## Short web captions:

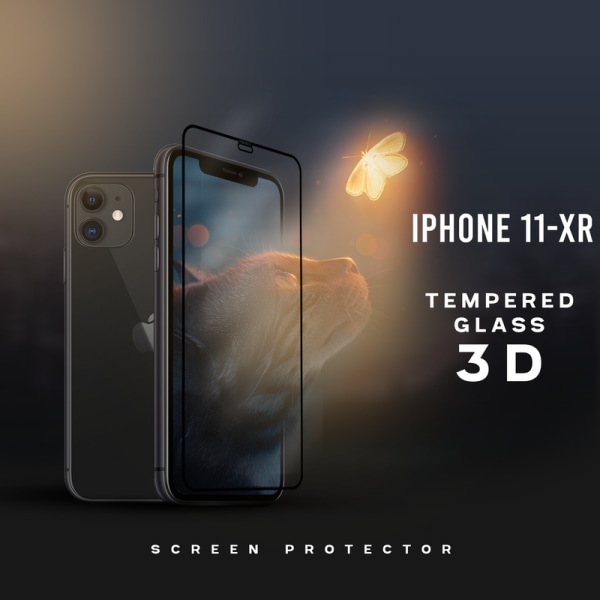 iPhone 11 / XR - 9H Härdat Glass - Top Kvalitet 3D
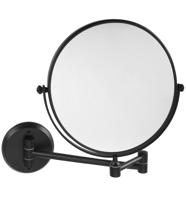 SAPHO X-ROUND BLACK E kosmetické zrcátko závěsné, Ø 200, oboustranné, černá mat XR010B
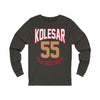 Long-sleeve Kolesar 55 Vegas Golden Knights Retro Unisex Jersey Long Sleeve Shirt
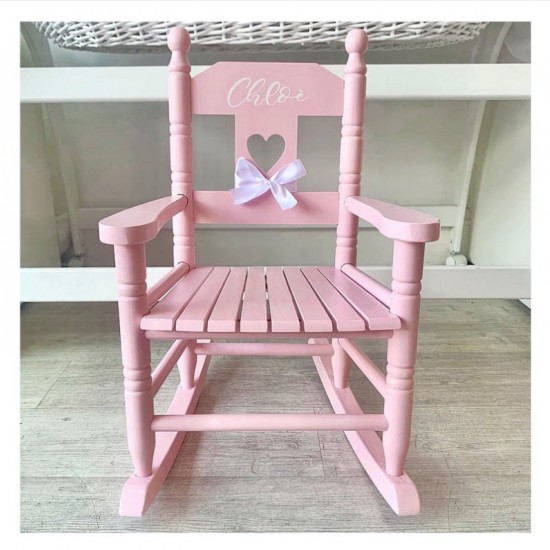 Pink Personalised Rocking Chair - DELIVERY INCLUDED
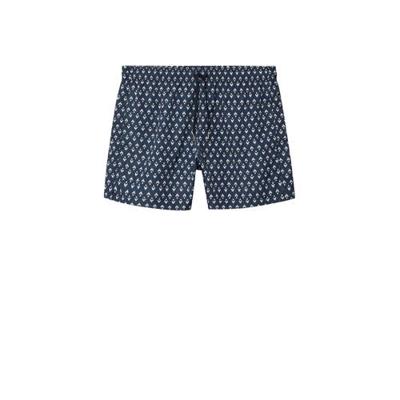 Mango Man zwemshort met all over print donkerblauw Mango Man zwemshort met all over print donkerblauw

## Problem to work on:
Each word of the data should be repeated exactly, and the pictures left out.

## Expected output:
 iPhone 11 / XR - 9H Härdat Glass - Top Kvalitet 3D
 SAPHO X-ROUND BLACK E kosmetické zrcátko závěsné, Ø 200, oboustranné, černá mat XR010B
 Long-sleeve Kolesar 55 Vegas Golden Knights Retro Unisex Jersey Long Sleeve Shirt
 Pink Personalised Rocking Chair - DELIVERY INCLUDED
 Mango Man zwemshort met all over print donkerblauw Mango Man zwemshort met all over print donkerblauw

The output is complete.